The task: Copy word for word the lines of the records below, beginning at the one with "Black Women's Fitflop" and finishing at the one with "Fototapeta Mascot Character Monkey", ends included, but none of the pictures.

Provided records:

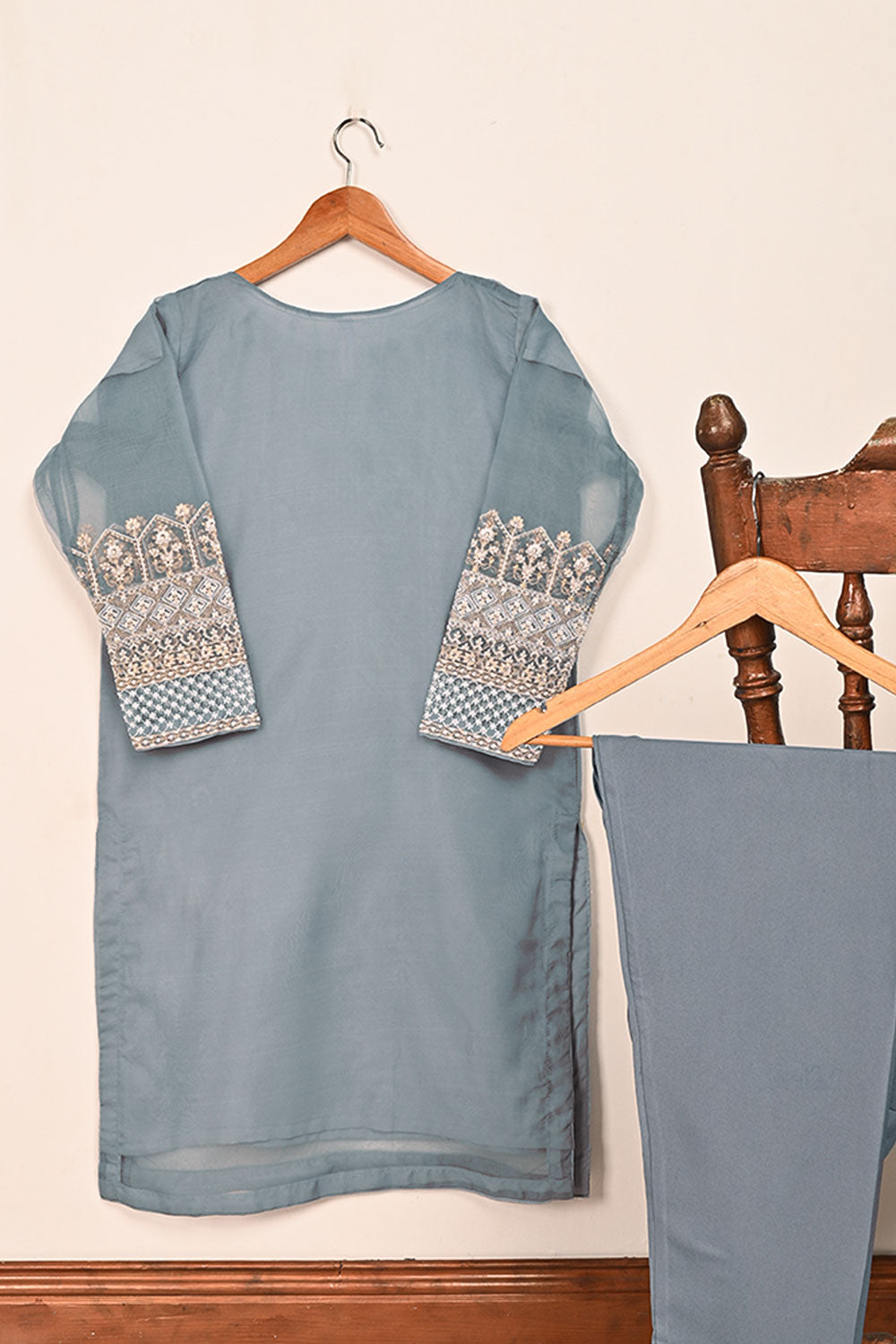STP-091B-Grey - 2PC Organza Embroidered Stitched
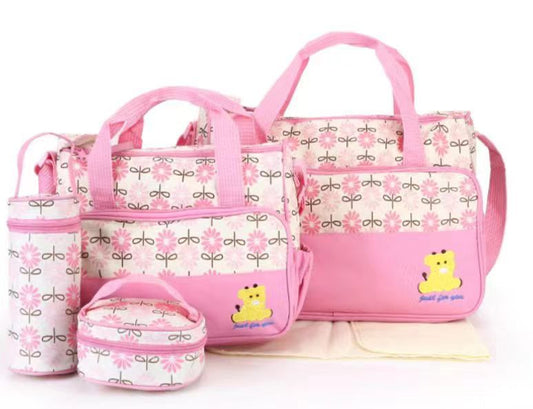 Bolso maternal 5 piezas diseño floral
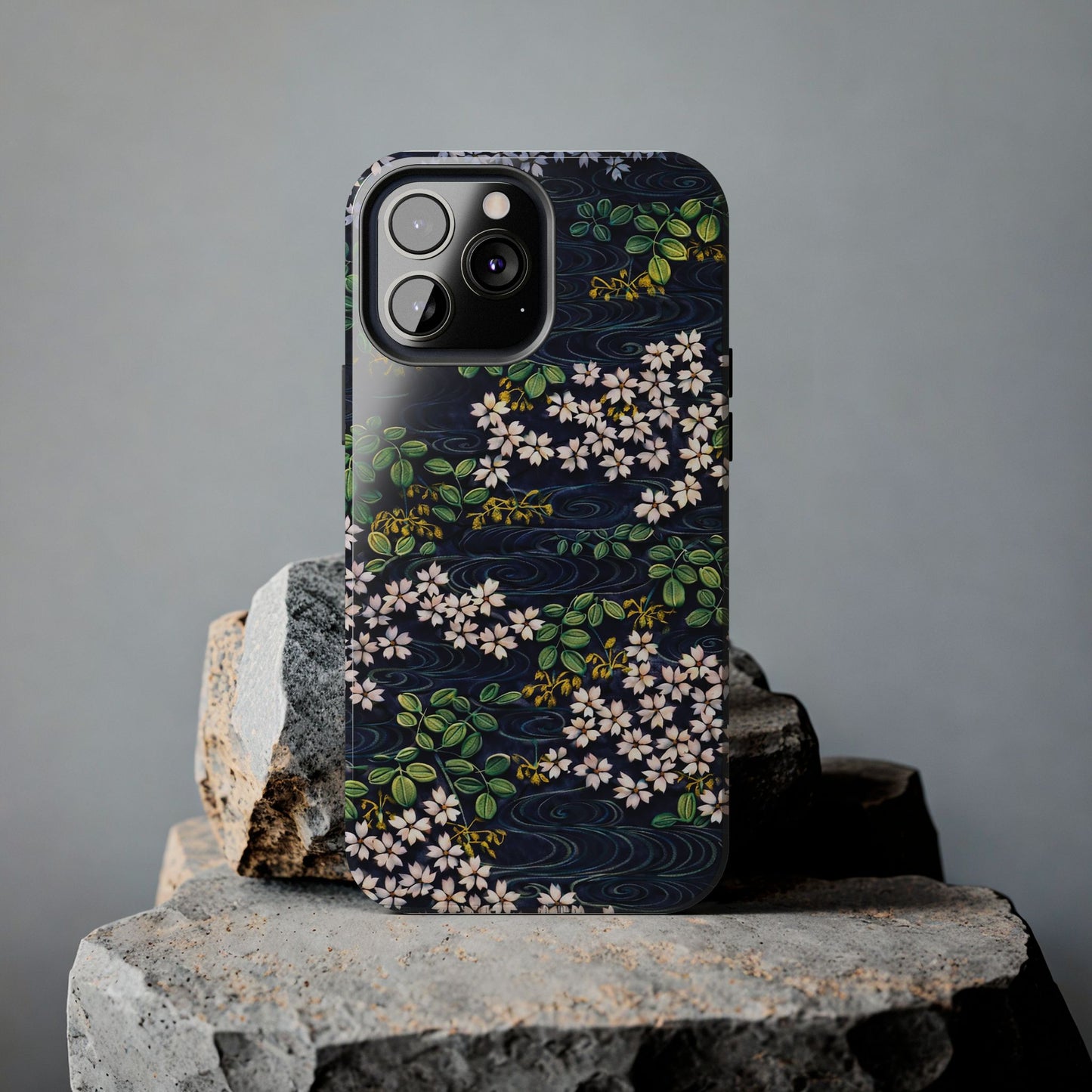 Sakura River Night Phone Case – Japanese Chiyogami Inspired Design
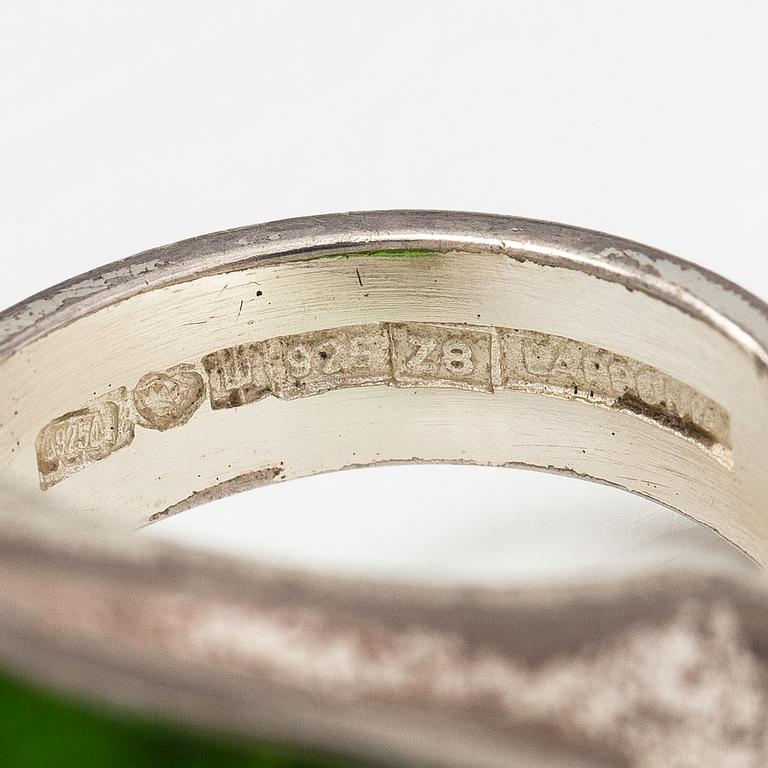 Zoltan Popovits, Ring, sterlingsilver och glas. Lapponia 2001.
--
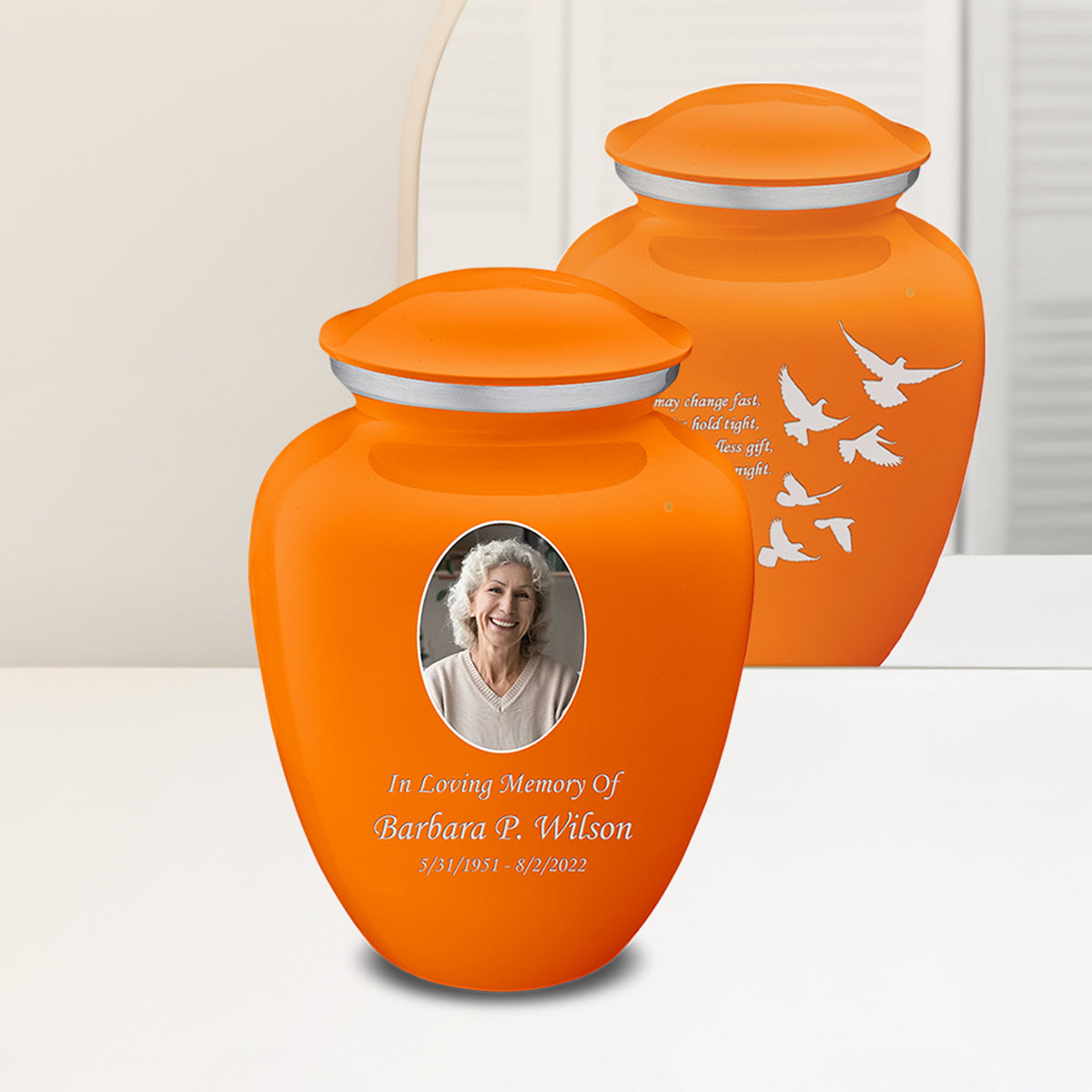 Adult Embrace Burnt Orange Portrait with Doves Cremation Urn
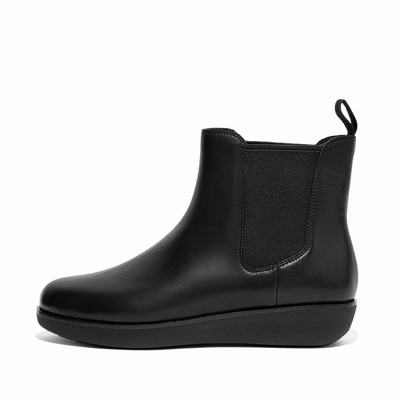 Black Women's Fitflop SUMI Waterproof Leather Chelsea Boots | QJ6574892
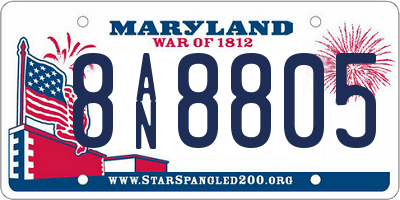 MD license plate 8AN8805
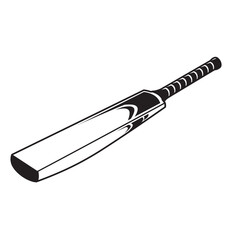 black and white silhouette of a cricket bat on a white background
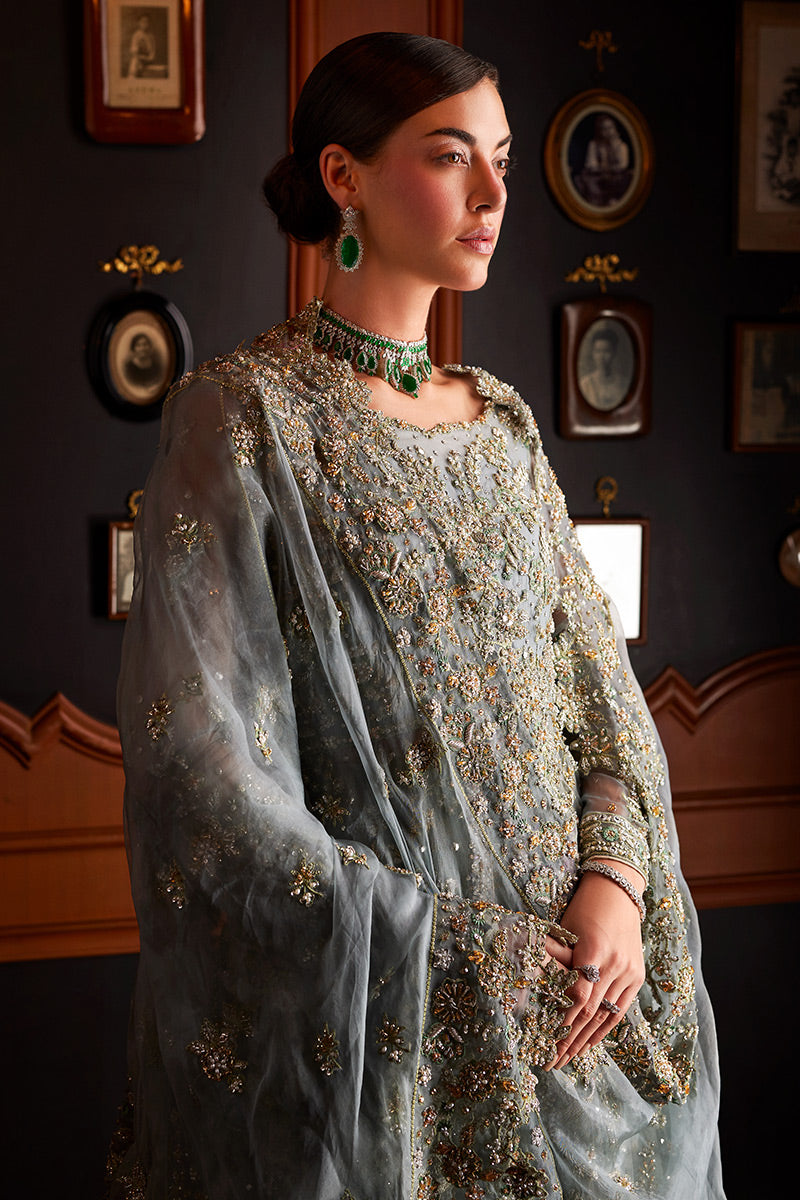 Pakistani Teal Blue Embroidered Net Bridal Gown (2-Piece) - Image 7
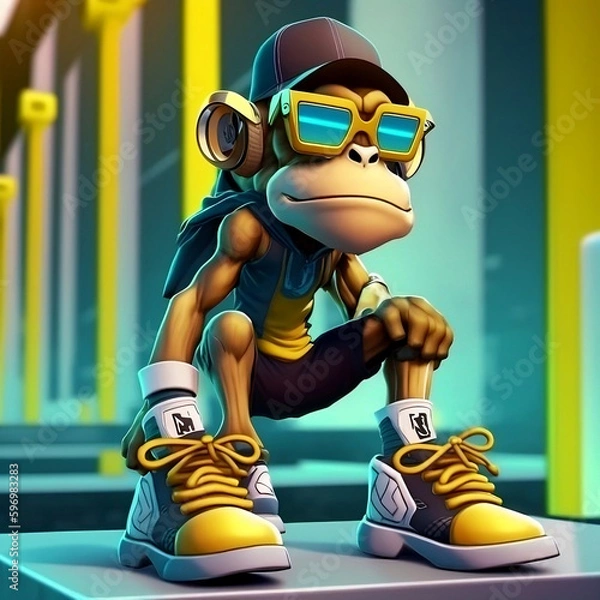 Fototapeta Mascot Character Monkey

Response to the task:
 Black Women's Fitflop SUMI Waterproof Leather Chelsea Boots | QJ6574892
 MD license plate 8AN8805
 black and white silhouette of a cricket bat on a white background
 Pakistani Teal Blue Embroidered Net Bridal Gown (2-Piece) - Image 7
 Fototapeta Mascot Character Monkey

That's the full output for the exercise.